Pre-Johnston, Pipe’s winning totals, mainly over jumps, looked unassailable. Who can forget his Unsinkable Boxer destroying the handicap for the 24-runner Pertemps Hurdle at the 1998 Cheltenham Festival? Champion jockey Tony McCoy on the favourite had his irrefutable instructions from Pipe: “This is the biggest certainty that will ever walk out onto this racecourse”: bigger than Scatter Dice of course.

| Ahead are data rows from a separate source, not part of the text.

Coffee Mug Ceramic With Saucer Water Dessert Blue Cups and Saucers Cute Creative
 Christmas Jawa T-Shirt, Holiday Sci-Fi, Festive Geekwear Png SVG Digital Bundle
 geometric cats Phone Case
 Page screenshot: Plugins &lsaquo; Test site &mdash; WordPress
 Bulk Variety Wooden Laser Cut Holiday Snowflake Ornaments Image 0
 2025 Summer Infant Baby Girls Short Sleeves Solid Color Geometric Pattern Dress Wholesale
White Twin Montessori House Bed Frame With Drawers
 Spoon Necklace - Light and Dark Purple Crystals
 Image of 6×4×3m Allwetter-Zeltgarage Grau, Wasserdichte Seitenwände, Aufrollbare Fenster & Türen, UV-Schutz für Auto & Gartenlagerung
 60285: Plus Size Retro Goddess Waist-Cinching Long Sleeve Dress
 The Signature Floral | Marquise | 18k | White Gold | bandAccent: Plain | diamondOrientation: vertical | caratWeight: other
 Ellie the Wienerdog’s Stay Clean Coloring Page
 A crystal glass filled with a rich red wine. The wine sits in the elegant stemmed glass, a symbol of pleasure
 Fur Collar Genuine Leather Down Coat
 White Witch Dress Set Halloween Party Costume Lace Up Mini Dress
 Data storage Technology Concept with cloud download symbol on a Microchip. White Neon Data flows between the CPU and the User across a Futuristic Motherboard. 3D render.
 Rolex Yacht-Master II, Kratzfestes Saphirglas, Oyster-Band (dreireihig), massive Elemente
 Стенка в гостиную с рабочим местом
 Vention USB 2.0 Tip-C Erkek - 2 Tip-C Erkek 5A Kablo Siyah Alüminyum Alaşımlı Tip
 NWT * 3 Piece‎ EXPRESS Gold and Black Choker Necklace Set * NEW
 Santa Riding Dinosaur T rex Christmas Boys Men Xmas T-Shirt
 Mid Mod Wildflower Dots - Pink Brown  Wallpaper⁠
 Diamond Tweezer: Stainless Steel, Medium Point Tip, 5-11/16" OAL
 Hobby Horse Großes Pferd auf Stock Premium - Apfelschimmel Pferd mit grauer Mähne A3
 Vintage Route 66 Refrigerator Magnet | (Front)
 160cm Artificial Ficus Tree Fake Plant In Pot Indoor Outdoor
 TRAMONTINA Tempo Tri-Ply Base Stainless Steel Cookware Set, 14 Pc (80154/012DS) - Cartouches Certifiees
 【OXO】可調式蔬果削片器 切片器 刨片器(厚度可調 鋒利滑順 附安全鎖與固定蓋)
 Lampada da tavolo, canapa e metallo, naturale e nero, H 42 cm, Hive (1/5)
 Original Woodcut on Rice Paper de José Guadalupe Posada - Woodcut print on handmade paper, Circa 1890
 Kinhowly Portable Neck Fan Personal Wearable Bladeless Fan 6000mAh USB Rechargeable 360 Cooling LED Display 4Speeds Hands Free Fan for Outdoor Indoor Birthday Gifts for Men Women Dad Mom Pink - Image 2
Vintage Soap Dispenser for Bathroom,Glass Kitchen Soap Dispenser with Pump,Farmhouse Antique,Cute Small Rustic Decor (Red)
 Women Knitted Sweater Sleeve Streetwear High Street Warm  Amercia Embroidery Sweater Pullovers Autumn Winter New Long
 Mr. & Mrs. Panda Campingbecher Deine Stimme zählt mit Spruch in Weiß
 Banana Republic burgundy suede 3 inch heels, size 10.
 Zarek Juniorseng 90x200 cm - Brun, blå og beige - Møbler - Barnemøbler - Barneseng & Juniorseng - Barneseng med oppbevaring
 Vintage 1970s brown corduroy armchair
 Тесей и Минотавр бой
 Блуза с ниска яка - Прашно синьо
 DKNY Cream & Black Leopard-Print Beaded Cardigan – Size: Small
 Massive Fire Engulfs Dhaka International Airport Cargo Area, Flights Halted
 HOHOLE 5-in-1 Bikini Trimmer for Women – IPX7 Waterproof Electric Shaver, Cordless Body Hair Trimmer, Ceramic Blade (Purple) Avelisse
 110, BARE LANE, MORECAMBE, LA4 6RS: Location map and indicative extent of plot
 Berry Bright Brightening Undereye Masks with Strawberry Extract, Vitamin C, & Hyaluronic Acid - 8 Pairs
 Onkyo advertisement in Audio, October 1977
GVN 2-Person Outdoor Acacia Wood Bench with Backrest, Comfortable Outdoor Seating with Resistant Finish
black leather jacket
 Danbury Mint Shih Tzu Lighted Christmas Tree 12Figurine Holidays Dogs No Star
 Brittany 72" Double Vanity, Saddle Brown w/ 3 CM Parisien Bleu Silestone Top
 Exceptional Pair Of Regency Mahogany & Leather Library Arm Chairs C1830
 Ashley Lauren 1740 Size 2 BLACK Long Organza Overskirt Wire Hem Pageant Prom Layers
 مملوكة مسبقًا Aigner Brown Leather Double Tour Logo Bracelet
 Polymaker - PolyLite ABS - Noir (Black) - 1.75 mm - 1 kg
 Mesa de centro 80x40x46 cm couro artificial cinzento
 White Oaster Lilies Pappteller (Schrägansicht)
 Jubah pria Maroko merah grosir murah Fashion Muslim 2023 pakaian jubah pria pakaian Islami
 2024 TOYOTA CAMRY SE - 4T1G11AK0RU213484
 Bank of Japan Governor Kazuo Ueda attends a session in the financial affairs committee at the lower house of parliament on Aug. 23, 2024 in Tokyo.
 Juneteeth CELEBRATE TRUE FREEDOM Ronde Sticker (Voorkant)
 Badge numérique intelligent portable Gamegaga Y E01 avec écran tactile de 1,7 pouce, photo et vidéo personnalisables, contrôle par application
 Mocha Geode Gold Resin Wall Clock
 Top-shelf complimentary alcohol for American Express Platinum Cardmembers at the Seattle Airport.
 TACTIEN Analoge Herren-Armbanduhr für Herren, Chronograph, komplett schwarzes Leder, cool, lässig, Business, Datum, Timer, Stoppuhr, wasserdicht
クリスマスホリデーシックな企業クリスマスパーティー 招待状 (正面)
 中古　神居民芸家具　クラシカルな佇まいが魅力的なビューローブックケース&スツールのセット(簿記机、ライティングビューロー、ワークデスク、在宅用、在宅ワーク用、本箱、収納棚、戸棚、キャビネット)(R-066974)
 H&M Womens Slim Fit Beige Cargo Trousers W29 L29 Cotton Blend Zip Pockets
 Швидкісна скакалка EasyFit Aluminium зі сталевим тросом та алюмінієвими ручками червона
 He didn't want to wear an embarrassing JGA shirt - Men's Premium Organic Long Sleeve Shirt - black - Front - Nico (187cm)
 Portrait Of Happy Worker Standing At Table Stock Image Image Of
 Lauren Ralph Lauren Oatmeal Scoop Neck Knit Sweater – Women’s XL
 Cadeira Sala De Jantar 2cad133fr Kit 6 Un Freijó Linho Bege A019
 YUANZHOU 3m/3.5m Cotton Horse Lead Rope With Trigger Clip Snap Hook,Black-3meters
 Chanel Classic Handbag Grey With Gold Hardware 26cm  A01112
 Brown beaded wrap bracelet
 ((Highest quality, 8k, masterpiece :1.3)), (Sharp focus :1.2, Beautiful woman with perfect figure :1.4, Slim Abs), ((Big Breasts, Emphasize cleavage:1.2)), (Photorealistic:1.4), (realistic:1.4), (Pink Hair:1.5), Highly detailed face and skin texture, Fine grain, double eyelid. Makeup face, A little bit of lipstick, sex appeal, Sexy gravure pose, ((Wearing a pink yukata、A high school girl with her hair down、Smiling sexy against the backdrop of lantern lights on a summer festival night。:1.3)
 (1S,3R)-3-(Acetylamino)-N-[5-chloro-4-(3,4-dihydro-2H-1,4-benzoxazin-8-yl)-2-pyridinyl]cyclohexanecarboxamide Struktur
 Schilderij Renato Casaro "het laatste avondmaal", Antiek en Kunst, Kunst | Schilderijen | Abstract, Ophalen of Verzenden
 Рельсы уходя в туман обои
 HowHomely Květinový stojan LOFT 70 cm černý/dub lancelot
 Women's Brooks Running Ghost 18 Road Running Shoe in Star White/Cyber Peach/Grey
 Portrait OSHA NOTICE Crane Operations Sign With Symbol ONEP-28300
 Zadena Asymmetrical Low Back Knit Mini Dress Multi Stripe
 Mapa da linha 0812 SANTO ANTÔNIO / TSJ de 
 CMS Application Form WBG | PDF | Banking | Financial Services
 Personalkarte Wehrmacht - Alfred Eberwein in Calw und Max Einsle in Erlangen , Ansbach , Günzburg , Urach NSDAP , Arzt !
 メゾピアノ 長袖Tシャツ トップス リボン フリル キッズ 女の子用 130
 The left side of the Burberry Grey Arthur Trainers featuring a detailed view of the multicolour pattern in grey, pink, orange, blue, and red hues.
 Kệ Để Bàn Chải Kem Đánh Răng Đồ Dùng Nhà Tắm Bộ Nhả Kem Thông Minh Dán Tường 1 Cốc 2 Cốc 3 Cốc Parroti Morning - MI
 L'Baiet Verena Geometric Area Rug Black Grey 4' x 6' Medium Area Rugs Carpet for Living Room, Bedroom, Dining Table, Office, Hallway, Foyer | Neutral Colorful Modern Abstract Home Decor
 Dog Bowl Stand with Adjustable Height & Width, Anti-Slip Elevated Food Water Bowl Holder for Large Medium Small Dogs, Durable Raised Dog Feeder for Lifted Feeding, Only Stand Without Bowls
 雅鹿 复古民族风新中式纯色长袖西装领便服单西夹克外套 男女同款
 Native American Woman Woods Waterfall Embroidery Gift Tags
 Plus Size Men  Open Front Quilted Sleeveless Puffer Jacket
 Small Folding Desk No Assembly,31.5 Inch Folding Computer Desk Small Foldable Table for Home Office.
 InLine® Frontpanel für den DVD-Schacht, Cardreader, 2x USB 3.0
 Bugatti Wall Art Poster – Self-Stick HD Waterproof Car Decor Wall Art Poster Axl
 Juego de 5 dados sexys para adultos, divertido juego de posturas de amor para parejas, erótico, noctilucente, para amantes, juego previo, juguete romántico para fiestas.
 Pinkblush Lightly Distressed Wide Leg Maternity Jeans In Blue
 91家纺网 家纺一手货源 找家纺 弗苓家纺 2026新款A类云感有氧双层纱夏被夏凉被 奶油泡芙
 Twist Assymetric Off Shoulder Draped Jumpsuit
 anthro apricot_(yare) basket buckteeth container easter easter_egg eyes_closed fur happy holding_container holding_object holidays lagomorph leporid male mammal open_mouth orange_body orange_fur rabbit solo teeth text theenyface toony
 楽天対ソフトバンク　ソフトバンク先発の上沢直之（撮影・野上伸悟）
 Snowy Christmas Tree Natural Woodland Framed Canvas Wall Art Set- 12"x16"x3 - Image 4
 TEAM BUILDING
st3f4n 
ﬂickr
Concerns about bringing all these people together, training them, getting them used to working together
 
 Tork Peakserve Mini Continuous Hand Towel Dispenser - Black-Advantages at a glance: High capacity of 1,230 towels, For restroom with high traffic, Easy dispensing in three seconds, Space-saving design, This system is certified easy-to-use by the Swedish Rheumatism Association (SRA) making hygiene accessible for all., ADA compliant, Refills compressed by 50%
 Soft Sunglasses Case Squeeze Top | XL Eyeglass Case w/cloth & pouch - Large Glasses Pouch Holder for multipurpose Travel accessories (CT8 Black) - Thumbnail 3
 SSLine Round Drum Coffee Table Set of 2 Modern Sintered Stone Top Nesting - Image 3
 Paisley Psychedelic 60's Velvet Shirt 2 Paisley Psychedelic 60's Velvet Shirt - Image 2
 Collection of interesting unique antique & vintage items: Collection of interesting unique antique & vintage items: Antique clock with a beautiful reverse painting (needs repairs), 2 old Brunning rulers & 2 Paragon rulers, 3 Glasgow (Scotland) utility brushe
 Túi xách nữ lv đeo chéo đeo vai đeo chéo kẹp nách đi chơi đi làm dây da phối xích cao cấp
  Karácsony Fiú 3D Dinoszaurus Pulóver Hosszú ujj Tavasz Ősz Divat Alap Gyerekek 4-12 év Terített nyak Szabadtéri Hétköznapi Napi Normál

An award winning sportswriter
wrote the acclaimed, The Meaning of Sport (2006), without mentioning class: an
oversight, possibly, but the word was not in Rous’s vocabulary nor in that of
arguably the greatest of all breeders, Federico Tesio (1869-1954) who insisted,
“There is no way of measuring a certain distance at which speed ends and
staying power begins.”
In Kingsley Klarion
issue 328 Mark demands a rethink. “Surely it is long past time for someone to
question the principles of handicapping horses by adding weight. The handicapping
system is mostly about grouping horses into races with others of similar
ability” – and he might have added ‘purely for betting purposes’. Putting words
in his mouth is akin to placing one’s head in the lion’s jaw but such thinking
would bond him with my handicapper chum. Was class the deciding factor when
Trueshan started favourite for the Northumberland Plate, and confounded the
handicapper (and nineteen rivals) under the welter weight of 10-8? Not in my
book. Trueshan did win Group races – though not off as high a rating as he was
raised, 4lb to 124, consequent on Newcastle.
If you can’t aggregate, you can’t quantify and you’re left with
conjecture. Better to study The Art of Always Being Right (1896) by the
philosopher Arthur Schopenhauer. It can’t have been the intransigent Admiral
Rous’s bedside reading because he died twenty years before publication, but he
would surely have concurred with Schopenhauer’s sentiments - worth a glance
before you argue the merits of handicapping. I’ll stick with the Form Book,
according to Marks Johnston and Prescott – and of course, Martin Pipe.